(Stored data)
◆ ◆ ◆ ◆

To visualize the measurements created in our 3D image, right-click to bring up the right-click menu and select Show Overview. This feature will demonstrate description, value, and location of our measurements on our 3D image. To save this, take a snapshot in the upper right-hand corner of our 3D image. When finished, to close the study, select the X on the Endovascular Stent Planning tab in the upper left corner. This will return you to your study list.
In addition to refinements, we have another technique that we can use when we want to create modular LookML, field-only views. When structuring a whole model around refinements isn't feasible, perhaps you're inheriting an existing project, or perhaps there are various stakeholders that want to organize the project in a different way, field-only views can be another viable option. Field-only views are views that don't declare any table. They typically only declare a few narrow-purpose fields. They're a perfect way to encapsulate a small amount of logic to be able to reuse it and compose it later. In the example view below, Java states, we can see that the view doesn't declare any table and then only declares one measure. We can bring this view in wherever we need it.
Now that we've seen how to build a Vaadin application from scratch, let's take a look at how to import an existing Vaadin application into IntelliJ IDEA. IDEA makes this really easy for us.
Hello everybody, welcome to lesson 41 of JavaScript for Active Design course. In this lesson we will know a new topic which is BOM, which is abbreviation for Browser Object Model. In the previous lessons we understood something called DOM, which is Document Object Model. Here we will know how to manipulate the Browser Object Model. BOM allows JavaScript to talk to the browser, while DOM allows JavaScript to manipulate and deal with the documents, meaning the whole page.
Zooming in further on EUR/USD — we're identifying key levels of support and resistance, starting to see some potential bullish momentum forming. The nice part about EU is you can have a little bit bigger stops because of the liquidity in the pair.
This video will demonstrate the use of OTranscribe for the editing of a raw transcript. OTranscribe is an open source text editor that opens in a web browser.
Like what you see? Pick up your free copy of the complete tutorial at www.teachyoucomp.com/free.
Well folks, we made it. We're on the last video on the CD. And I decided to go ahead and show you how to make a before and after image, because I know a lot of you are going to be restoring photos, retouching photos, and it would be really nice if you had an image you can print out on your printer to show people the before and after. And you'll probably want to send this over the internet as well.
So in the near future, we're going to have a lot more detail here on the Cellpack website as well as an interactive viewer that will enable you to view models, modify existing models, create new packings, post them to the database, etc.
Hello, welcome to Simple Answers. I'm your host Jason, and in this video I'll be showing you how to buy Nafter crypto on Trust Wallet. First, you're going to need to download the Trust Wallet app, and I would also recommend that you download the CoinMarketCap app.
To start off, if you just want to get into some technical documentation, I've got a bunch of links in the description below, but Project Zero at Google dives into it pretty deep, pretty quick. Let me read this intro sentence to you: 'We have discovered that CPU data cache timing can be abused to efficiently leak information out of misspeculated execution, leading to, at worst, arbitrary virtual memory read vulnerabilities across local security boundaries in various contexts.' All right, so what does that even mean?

◆ ◆ ◆ ◆

#### Your goal
In the entries above, the lines between the one holding "Well folks, we" and the one holding "So in the near", inclusive, are to be printed exactly as written, and those alone.

#### Response for this exercise
Well folks, we made it. We're on the last video on the CD. And I decided to go ahead and show you how to make a before and after image, because I know a lot of you are going to be restoring photos, retouching photos, and it would be really nice if you had an image you can print out on your printer to show people the before and after. And you'll probably want to send this over the internet as well.
So in the near future, we're going to have a lot more detail here on the Cellpack website as well as an interactive viewer that will enable you to view models, modify existing models, create new packings, post them to the database, etc.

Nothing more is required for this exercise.